Because there are export controls on those middle-men countries. Data center GPUs are controlled under the Export Administration Regulations, putting them under broadly the same regulatory regime as critical components for fighter jets or ballistic missiles. If that isn't working to at least severely restrict China's access to GPUs, then we have much bigger things to worry about.

https://exportcontrol.lbl.gov/a-bigger-yard-a-higher-fence-u...

nimbius

Nothing. the US did the very same thing to circumvent export controls by other countries during the cold war in order to obtain sufficient titanium in order to construct the SR71 aircraft.

China has a graphics processor company thats apparently good enough to land it on an entity list.

https://en.wikipedia.org/wiki/Moore_Threads

The sheer number of Chinese companies the US as entity listed for export controls is comical as its basically a blacklist of the entire PRC's tech sector.

export controls work well to do one thing: create a US competitor. china already fabs domestic 3nm chips. theres no reason to think they wont emerge as a serious competitor to NVidia.

spookie

iirc Moore Threads founder worked for nVidia in the past.

vinay427

People in this space are thinking about these problems, including on-chip mechanisms [1] and/or location verification [2], among other proposals.

[1] https://www.cnas.org/publications/reports/secure-governable-...

[2] https://www.iaps.ai/research/location-verification-for-ai-ch...

KaiserPro

Nvidia's fear of getting slapped with a fine.

However there is nothing stopping some company setting up a company in a third country, funding it indirectly and getting them to build a cluster for deepseek/others to access.

After all the location of the servers isn't really an in surmountable problem, so long as the training data is closeby.

londons_explore

> Nvidia's fear of getting slapped with a fine.

I suspect these export restrictions are less black-and-white than you imagine. If Nvidia shipped a lot of GPU's to, say, Brazil, and they ended up being rented to american startups for AI, all would be fine.

But if those same GPU's in Brazil ended up rented to Chinese companies who used them to make state of the art models, then Nvidia would get a big fine and the datacenter would magically catch fire[1].

[1]: https://www.elinfor.com/news/asml-supplier-is-caught-in-a-fi...

dismas

> I suspect these export restrictions are less black-and-white than you imagine.

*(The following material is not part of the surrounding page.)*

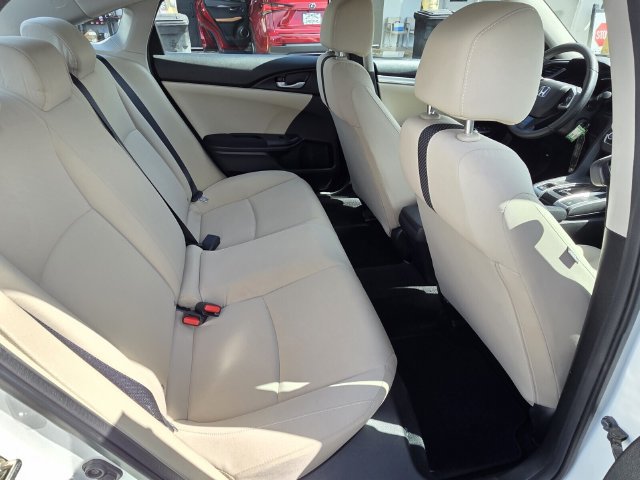 Used 2019 Honda Civic LX image 13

They definitely are, but things like Golden Sentry and Blue Lantern (amongst other Dual Use Monitoring regimes) can also still look for these sorts of uses. But yes, there's lots of examples of "Country X can't do Y, so we go to country Z and work with them to do Y" sorts of bypasses. Still increases the amount of work required if they want something NATSEC related to work on.

sebzim4500

Probably not much for small quantities but that doesn't scale to buying hundreds of thousands of GPUs.

londons_explore

I saw a multi-mile-long line of brand new cars waiting to cross the land border between Kazakhstan and Russia last year.

wave-function

You would think moving such massive amounts of goods through our country should bring prices down (on everything — cars, machinery, electronics), but no. Everything is still much more expensive than in Russia.

zkid18

i doubt you can ever effectively scrutinise the logistics. just look how creatively people can transfer drugs across the borders.

hendersoon

With $8B in the bank I have some degree of confidence Deepseek evaded the export controls and used full-fat GPUs in addition to the H800s.

null

[deleted]

sschueller

I still don't understand the insane investments in LLM with the believe that it will get us to AGI when that is not possible with LLM. The limitation isn't compute or model size, it's the core concept of LLM.

sebzim4500

Probably they just don't agree with you that LLMs (or derivatives) are incapable of achieving AGI.

eldenring

Why don't you think its possible?

sschueller

LLMs lack semantic understanding and rely on statistical patterns. They are reactive systems without goals, intentions, or the ability to self-improve. They also cannot generate truly novel ideas or concepts beyond their training data.

nbzso

You are using facts and logic. This is not the favorite HN food. Just believe, this is a religion. :)

K0balt

It seems to me the definition of AGI is the real crux here.

What does AGI mean today?

What it used to mean, we passed by a while back.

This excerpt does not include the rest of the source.